It is worth noting that the row “count” in Table 2, refers to the number of participants in each group. Moreover, when dealing with results from AS, the level the results come from will appear together with AS (AS1 for level 1, AS6 for level 6 and AS11 for level 11). Besides, in Figs. 8, Fig. 9, Fig. 10, we can see the number of registered variables (hits, omissions and commissions) in the x-axis and the number of subjects in the y-axis. It is significant to observe that the full set of experimental results by subject can be seen in Table 4 from the Annex.
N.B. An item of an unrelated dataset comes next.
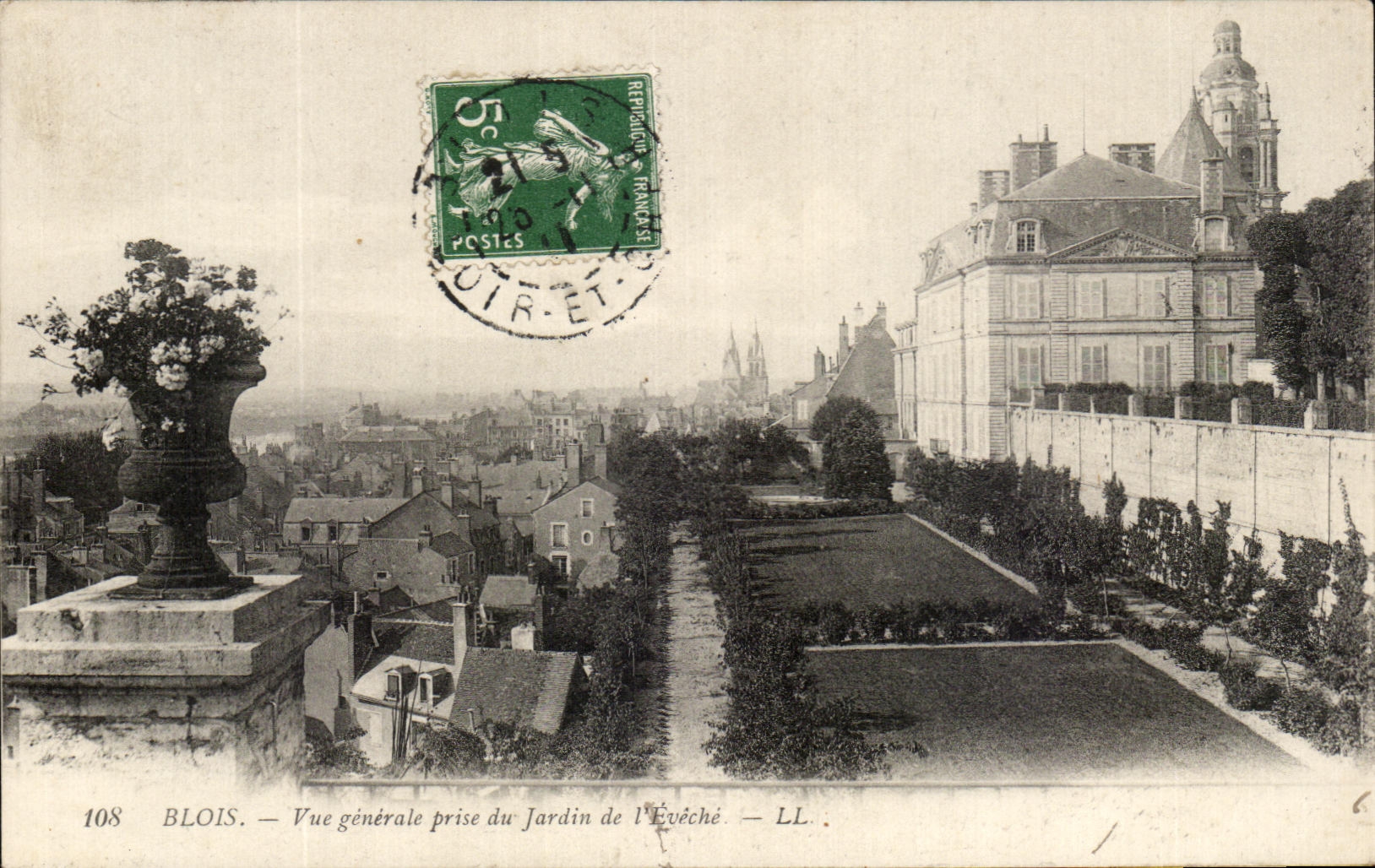 CPA Blois Vue Generale Prise Du Jardin De l'Eveche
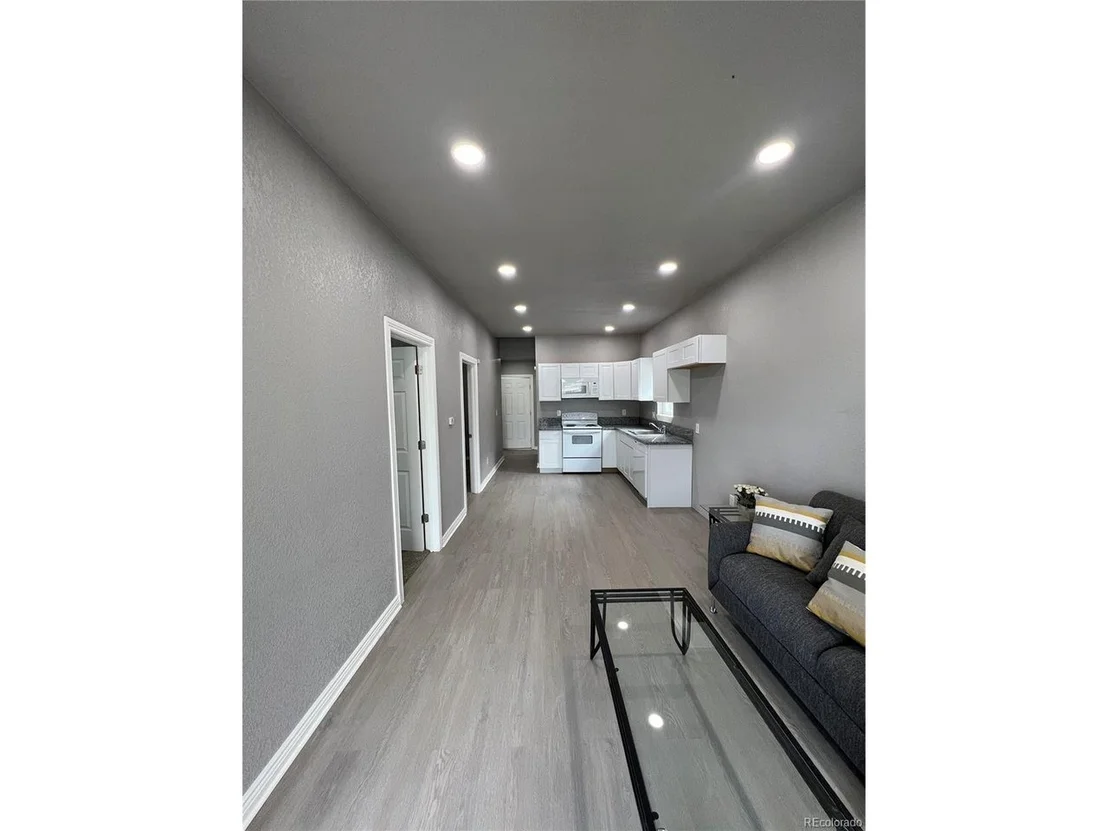 Photo of 4638 Logan St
Just by examining the results, it can be observed that the scores from the D2 are considerably higher than those from the AS. This is expected, as the D2 involves a greater number of tasks compared to the AS. More specifically, the participants can deal with a total of 658 symbols in D2 and 24, 24 and 12 flags in levels 1, 6 and 11 from AS respectively. Indeed, this is the reason why the results from AS1 and AS6 are nearly double those from AS11. In the latter, users have to wait until they see a succession of two different flags, which reduces the total number of tasks to half compared to AS1 and AS6, where users can press the button after seeing just one flag.

4.6. Analysis of the results

One the results have been presented, they will be properly analyzed in order to accept or reject our initial hypotheses. Note that all the statistical analysis in this work has been performed by using the SciPy 1.11.1 [37] and Pandas 2.0.3 [38] Python libraries.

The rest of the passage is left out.